### Instructions for the task:
Please restate the data word for word, leaving out no line.

### Exercise material:
◆ ◆ ◆ ◆ ◆ ◆ ◆
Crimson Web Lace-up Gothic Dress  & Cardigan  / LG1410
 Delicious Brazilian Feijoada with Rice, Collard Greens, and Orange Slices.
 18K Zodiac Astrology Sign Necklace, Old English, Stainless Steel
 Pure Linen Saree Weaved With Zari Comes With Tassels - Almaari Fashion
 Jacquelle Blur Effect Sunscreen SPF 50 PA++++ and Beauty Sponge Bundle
◆ ◆ ◆ ◆ ◆ ◆ ◆
### Solution to the problem:
Crimson Web Lace-up Gothic Dress  & Cardigan  / LG1410
 Delicious Brazilian Feijoada with Rice, Collard Greens, and Orange Slices.
 18K Zodiac Astrology Sign Necklace, Old English, Stainless Steel
 Pure Linen Saree Weaved With Zari Comes With Tassels - Almaari Fashion
 Jacquelle Blur Effect Sunscreen SPF 50 PA++++ and Beauty Sponge Bundle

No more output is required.